SFVT — The Pipeline

0

Continuous Watch scf_watcher.py

A persistent daemon polls the SCF GitHub repository every 60 seconds. It hits the GitHub API, compares the returned commit SHA against the last known SHA stored in .last_scf_commit.

If the SHA differs, a new SCF release has been pushed. The watcher immediately logs the detection, sends an email notification to all stakeholders, and hands off to the pipeline with the new commit SHA.

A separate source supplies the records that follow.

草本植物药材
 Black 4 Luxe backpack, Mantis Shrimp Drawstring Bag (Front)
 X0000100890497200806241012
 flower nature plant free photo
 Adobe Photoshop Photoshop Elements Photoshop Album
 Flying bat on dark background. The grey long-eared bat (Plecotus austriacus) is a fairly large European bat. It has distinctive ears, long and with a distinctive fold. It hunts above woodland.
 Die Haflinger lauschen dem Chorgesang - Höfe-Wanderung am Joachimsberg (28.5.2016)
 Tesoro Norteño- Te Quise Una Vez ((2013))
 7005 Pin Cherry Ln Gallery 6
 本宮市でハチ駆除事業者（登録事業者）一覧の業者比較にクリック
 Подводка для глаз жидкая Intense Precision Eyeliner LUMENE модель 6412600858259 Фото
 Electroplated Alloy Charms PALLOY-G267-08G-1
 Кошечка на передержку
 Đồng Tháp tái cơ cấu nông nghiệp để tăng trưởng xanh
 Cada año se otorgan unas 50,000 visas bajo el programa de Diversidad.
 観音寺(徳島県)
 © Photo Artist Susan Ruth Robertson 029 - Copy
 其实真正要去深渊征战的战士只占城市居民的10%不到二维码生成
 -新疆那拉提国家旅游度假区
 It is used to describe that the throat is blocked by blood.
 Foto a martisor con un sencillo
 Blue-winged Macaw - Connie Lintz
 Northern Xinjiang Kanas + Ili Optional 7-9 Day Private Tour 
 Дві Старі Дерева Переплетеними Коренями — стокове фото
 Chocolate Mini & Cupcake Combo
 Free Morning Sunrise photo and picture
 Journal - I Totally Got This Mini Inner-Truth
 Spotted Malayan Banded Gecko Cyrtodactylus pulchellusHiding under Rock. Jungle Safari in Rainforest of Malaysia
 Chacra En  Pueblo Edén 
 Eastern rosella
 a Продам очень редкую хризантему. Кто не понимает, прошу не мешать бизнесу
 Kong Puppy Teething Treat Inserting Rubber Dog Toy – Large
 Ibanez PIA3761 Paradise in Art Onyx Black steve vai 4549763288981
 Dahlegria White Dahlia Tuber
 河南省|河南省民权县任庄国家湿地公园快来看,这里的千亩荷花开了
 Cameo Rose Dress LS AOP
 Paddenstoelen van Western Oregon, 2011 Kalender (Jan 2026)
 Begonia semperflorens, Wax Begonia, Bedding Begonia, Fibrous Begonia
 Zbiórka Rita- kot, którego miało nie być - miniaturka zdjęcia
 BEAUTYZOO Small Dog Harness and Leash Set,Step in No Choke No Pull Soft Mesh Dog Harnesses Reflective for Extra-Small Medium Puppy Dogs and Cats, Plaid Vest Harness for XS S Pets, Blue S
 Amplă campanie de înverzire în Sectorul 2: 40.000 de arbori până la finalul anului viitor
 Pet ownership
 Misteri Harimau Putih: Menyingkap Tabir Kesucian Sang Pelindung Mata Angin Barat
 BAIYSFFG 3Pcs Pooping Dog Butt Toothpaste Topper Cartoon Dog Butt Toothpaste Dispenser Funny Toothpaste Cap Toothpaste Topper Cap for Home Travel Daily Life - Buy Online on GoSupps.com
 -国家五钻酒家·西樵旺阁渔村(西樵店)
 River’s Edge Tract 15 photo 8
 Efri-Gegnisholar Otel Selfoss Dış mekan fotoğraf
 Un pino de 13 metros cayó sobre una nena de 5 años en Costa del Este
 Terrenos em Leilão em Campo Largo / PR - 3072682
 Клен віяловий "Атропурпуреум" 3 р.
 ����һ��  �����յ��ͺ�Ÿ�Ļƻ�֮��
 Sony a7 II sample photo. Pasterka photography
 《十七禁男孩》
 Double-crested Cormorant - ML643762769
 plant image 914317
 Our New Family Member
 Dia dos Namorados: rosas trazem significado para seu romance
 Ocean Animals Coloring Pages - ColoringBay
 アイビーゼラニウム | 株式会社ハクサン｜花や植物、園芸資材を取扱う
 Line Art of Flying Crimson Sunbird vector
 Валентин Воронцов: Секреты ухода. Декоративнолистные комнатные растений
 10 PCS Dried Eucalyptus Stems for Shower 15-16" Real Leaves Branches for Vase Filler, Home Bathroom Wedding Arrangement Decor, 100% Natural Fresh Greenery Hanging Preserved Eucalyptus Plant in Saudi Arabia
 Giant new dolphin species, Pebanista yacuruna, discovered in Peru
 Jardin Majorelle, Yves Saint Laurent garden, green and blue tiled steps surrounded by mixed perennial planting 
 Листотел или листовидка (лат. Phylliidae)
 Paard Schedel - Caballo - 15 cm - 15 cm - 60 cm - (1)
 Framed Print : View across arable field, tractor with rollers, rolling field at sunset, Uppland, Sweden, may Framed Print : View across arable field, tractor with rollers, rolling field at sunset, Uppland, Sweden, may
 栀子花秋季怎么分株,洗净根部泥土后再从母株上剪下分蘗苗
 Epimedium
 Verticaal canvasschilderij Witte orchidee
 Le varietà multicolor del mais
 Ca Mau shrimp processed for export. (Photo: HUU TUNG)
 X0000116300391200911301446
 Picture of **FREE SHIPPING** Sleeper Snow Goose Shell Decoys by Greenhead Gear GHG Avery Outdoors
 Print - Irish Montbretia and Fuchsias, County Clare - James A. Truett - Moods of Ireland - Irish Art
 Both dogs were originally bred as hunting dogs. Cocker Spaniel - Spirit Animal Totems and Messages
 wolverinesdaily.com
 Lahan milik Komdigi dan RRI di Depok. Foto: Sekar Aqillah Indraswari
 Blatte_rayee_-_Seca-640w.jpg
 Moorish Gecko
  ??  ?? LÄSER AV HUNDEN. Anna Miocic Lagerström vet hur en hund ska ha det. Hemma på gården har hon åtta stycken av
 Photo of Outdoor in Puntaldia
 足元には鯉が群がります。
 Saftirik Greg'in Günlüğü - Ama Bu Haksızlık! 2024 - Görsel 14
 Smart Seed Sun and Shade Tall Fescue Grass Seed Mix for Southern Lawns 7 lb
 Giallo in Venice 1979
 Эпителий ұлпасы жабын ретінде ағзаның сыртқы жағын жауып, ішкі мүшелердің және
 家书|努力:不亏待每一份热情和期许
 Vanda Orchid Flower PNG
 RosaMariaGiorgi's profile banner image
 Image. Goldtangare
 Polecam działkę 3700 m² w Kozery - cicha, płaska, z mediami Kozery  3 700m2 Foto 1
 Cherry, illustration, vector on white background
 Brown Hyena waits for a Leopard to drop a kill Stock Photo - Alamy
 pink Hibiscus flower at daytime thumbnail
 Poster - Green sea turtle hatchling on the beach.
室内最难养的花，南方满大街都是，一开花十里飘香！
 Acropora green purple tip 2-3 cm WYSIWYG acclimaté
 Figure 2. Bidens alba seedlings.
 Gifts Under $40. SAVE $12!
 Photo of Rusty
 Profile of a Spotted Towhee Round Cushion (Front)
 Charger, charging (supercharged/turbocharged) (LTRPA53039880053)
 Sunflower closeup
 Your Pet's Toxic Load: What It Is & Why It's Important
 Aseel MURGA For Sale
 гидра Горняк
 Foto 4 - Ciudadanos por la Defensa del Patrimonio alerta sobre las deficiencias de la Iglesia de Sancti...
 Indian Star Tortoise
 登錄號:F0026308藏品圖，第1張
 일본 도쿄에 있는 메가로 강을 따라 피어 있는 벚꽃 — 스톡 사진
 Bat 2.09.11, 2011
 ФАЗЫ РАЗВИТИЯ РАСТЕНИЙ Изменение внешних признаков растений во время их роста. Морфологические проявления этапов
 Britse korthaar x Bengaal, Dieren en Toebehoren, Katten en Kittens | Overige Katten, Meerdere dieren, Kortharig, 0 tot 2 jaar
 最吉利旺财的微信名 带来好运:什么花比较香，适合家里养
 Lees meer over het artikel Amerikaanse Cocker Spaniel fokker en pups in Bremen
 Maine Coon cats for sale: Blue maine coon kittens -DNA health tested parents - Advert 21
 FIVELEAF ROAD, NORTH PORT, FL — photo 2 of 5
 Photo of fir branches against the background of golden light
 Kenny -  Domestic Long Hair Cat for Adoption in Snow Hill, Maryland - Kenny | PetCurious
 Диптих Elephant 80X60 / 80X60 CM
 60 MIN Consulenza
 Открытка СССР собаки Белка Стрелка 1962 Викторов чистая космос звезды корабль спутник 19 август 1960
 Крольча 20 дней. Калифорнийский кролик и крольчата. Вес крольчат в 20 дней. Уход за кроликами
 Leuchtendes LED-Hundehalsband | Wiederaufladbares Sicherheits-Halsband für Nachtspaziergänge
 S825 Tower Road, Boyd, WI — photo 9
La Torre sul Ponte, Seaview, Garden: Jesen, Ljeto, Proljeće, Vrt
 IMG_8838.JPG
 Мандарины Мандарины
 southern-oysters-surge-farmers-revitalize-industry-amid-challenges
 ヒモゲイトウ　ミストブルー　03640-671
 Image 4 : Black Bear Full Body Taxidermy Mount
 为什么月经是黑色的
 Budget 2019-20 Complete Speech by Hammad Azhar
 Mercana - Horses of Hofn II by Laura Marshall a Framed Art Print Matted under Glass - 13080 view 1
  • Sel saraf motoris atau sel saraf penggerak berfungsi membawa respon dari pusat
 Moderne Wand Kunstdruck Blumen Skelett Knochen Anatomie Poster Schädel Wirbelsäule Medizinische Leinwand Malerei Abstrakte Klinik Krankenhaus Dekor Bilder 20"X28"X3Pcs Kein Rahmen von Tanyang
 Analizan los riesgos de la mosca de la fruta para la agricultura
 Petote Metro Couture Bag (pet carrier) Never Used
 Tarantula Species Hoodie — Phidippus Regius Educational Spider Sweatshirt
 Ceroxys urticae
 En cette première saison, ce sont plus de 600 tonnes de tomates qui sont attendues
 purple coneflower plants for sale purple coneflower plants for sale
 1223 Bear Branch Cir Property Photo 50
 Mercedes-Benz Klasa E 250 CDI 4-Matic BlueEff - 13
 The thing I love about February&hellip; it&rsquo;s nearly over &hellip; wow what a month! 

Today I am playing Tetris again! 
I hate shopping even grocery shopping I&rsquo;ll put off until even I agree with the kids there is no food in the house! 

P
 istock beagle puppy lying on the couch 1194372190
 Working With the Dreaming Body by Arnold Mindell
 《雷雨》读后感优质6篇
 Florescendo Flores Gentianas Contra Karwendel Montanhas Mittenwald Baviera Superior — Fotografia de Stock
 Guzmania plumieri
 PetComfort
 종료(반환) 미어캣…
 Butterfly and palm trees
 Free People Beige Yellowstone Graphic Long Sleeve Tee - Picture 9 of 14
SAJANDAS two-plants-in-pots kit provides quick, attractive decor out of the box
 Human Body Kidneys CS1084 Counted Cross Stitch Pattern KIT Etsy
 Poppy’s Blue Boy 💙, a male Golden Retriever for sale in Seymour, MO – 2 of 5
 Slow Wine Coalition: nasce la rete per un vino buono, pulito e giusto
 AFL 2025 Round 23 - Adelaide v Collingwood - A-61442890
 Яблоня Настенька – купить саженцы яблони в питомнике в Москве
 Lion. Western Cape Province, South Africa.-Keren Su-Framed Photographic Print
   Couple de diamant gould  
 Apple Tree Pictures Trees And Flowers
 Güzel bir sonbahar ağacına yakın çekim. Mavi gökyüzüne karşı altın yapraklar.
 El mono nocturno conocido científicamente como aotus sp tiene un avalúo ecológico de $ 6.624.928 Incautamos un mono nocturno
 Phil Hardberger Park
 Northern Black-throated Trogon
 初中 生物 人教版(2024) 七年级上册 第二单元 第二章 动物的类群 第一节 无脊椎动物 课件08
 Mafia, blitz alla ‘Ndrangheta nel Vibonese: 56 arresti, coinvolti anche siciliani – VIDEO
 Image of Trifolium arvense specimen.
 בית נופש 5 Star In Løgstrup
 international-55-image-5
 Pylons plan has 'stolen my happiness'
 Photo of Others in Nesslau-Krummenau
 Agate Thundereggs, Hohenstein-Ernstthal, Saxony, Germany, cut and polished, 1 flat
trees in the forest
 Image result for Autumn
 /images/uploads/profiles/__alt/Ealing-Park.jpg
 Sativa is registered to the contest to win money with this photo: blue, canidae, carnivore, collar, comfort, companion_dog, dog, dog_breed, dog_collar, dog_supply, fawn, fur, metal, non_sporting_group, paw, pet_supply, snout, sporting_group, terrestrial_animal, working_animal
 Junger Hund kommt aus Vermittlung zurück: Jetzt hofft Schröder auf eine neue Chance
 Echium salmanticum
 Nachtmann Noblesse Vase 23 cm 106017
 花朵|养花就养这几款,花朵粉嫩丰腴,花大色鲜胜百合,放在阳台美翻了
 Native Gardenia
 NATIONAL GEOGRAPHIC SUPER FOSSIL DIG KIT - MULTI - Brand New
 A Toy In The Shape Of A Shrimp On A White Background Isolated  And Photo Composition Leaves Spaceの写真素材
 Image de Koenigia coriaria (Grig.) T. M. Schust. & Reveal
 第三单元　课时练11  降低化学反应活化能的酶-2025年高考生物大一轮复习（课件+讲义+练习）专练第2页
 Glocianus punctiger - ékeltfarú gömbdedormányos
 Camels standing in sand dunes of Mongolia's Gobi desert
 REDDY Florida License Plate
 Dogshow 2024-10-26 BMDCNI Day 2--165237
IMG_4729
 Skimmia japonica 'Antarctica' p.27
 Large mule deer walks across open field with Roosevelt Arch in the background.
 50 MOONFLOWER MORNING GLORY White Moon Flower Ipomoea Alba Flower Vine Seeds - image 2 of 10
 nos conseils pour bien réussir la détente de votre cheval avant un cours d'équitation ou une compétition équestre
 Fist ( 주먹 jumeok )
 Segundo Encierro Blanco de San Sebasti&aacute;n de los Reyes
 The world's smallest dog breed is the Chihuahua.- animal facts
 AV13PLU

Detection latency: under 60 seconds from the moment SCF pushes.

1

Archive Protection archive_manager.py

Before touching anything, the system protects the previous run's output. The current SCF Compliance Atlas and all verification artifacts are zipped into a timestamped archive. If the new pipeline run fails, the last known-good output remains intact.

2

Source Acquisition Block 0

The pipeline clones the entire securecontrolsframework/securecontrolsframework repository. It walks every file — the Excel workbook, all 185 STRM PDFs, every config file — and computes SHA-256 for each one.

Writes source_manifest.json with the commit SHA, download timestamp, and per-file hashes. Individual .provenance artifacts are created for each file.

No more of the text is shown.